-- Given data --

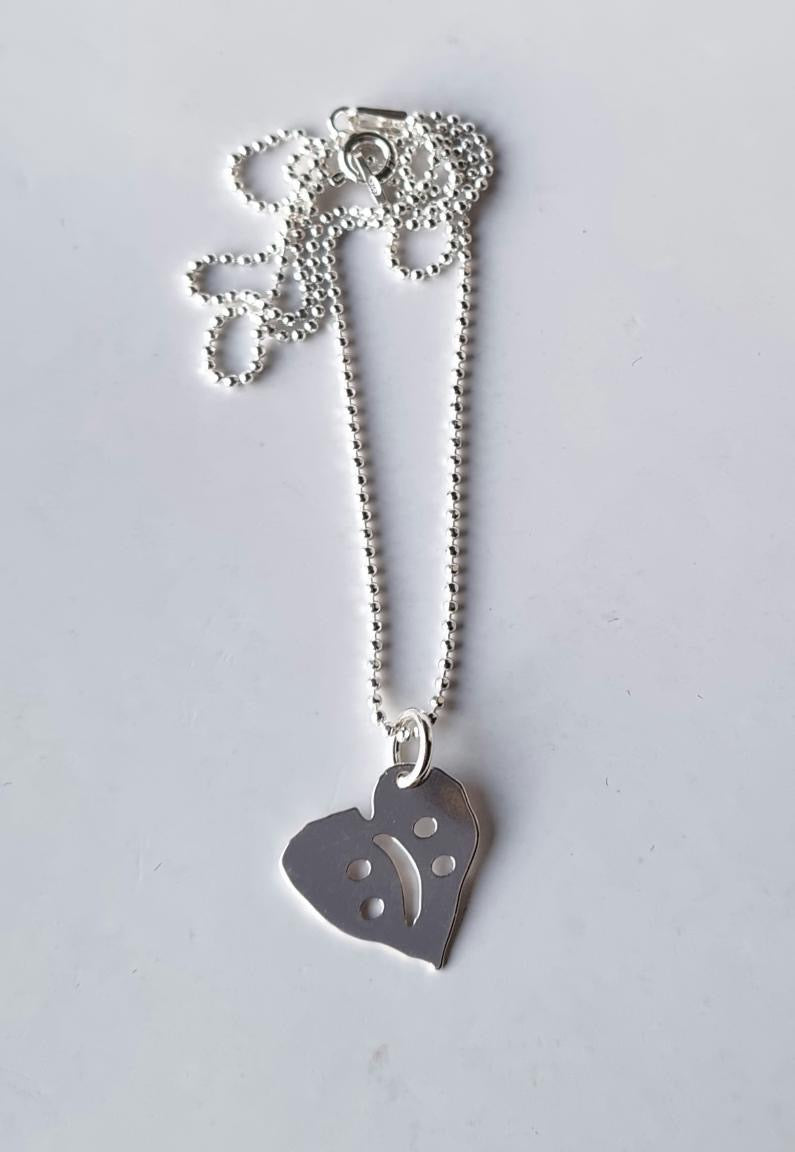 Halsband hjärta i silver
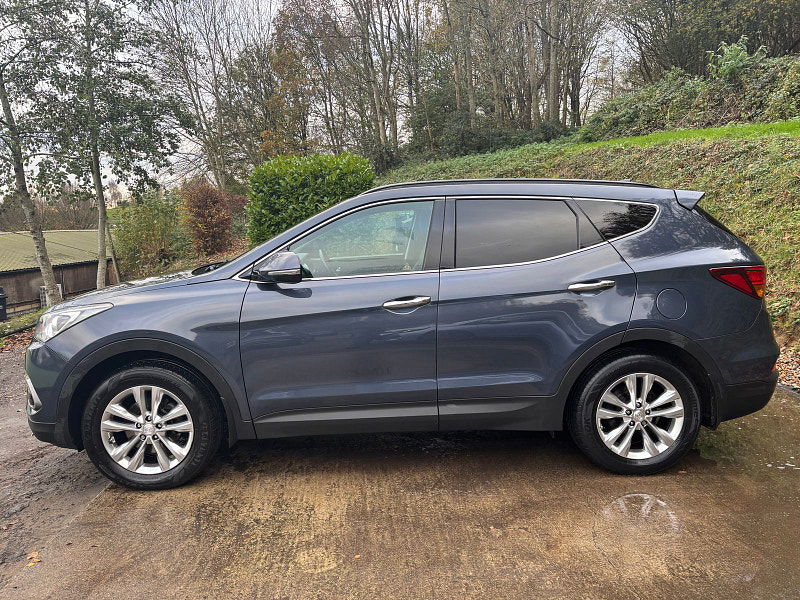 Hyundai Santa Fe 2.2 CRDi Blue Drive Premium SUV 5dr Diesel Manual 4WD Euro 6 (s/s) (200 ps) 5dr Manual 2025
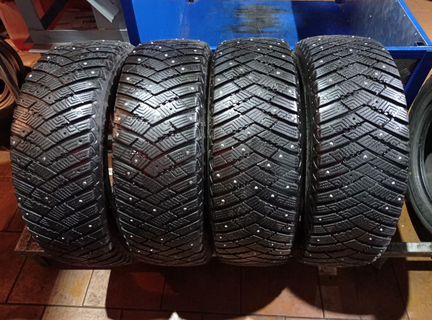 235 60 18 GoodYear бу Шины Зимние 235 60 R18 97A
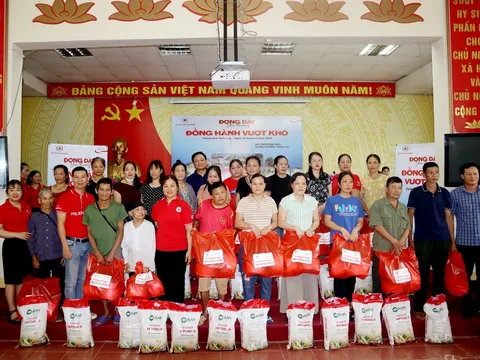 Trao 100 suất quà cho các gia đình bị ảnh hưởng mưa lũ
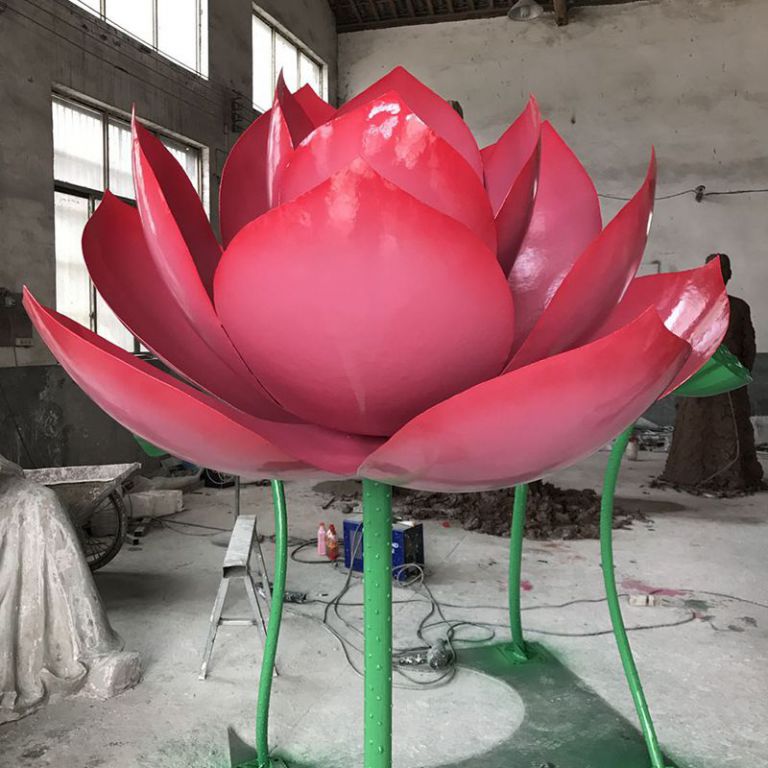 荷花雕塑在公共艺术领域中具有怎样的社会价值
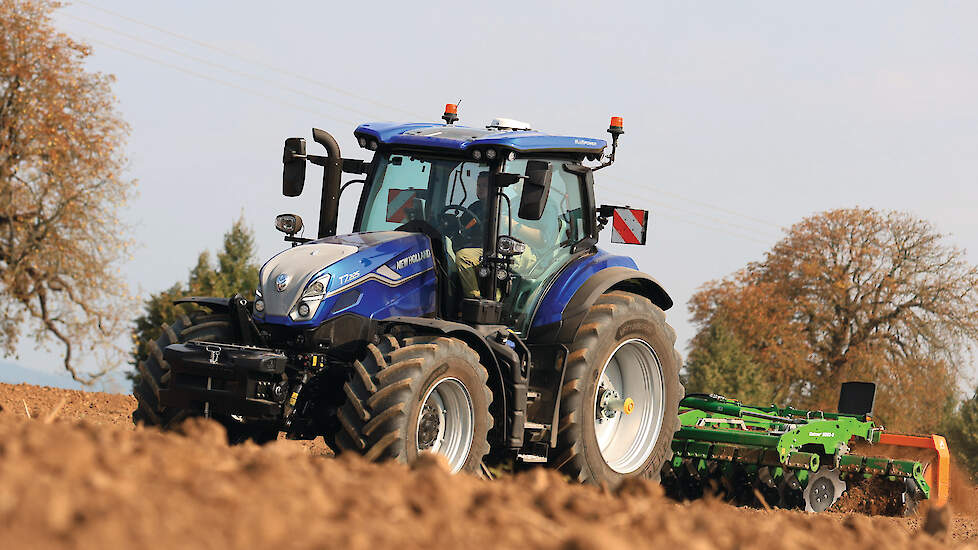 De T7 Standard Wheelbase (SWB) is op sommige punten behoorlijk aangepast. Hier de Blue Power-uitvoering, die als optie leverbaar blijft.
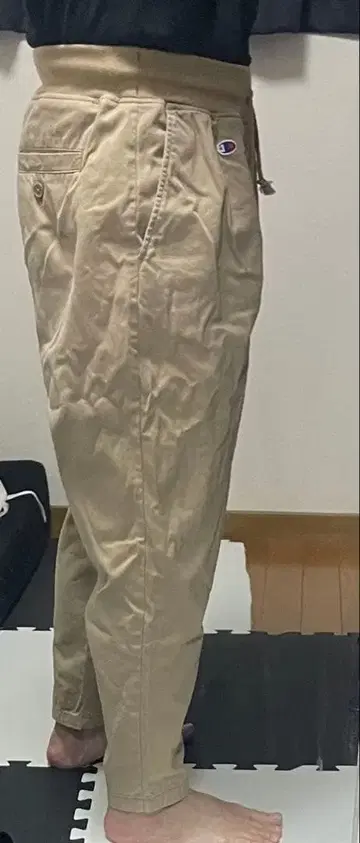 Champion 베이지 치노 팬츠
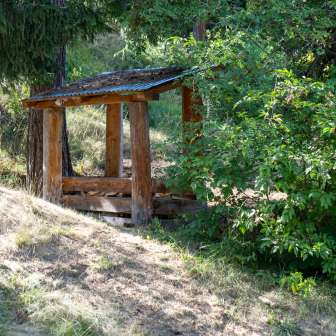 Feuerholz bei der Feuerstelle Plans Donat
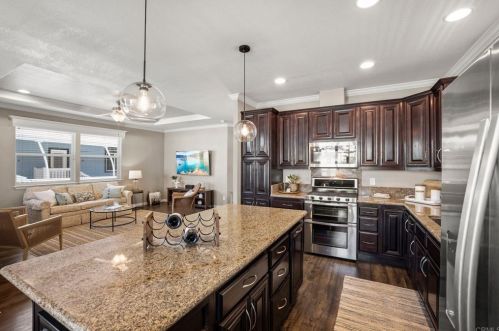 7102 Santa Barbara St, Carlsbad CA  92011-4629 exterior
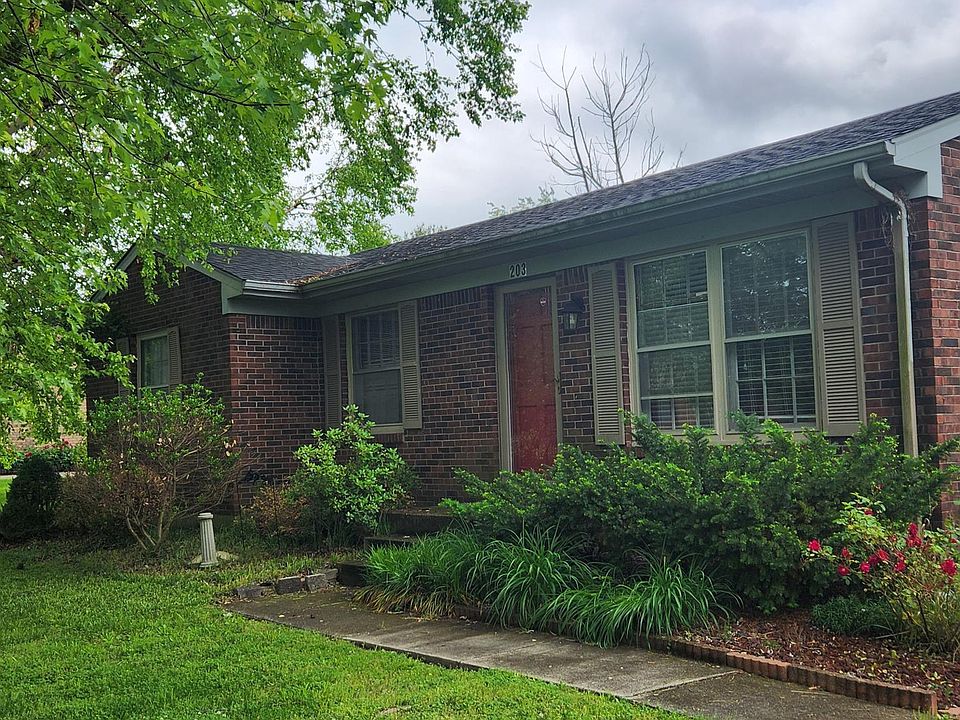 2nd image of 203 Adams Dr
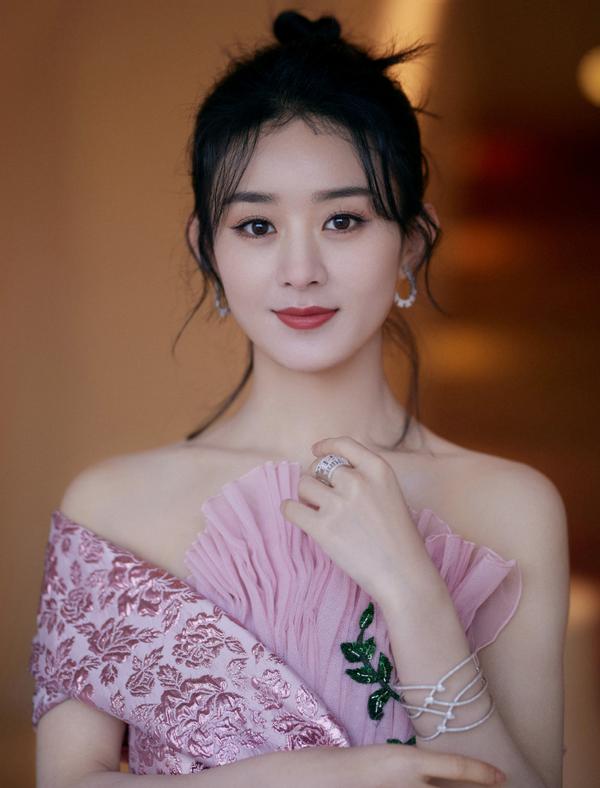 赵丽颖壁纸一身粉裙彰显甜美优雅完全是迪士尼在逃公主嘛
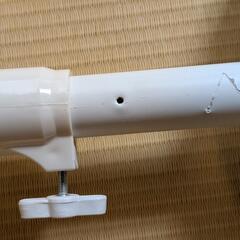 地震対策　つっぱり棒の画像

-- Requirement --
Are you able to set down all the lines above exactly, without any pictures?

-- Solution to this problem --
 Halsband hjärta i silver
 Hyundai Santa Fe 2.2 CRDi Blue Drive Premium SUV 5dr Diesel Manual 4WD Euro 6 (s/s) (200 ps) 5dr Manual 2025
 235 60 18 GoodYear бу Шины Зимние 235 60 R18 97A
 Trao 100 suất quà cho các gia đình bị ảnh hưởng mưa lũ
 荷花雕塑在公共艺术领域中具有怎样的社会价值
 De T7 Standard Wheelbase (SWB) is op sommige punten behoorlijk aangepast. Hier de Blue Power-uitvoering, die als optie leverbaar blijft.
 Champion 베이지 치노 팬츠
 Feuerholz bei der Feuerstelle Plans Donat
 7102 Santa Barbara St, Carlsbad CA  92011-4629 exterior
 2nd image of 203 Adams Dr
 赵丽颖壁纸一身粉裙彰显甜美优雅完全是迪士尼在逃公主嘛
 地震対策　つっぱり棒の画像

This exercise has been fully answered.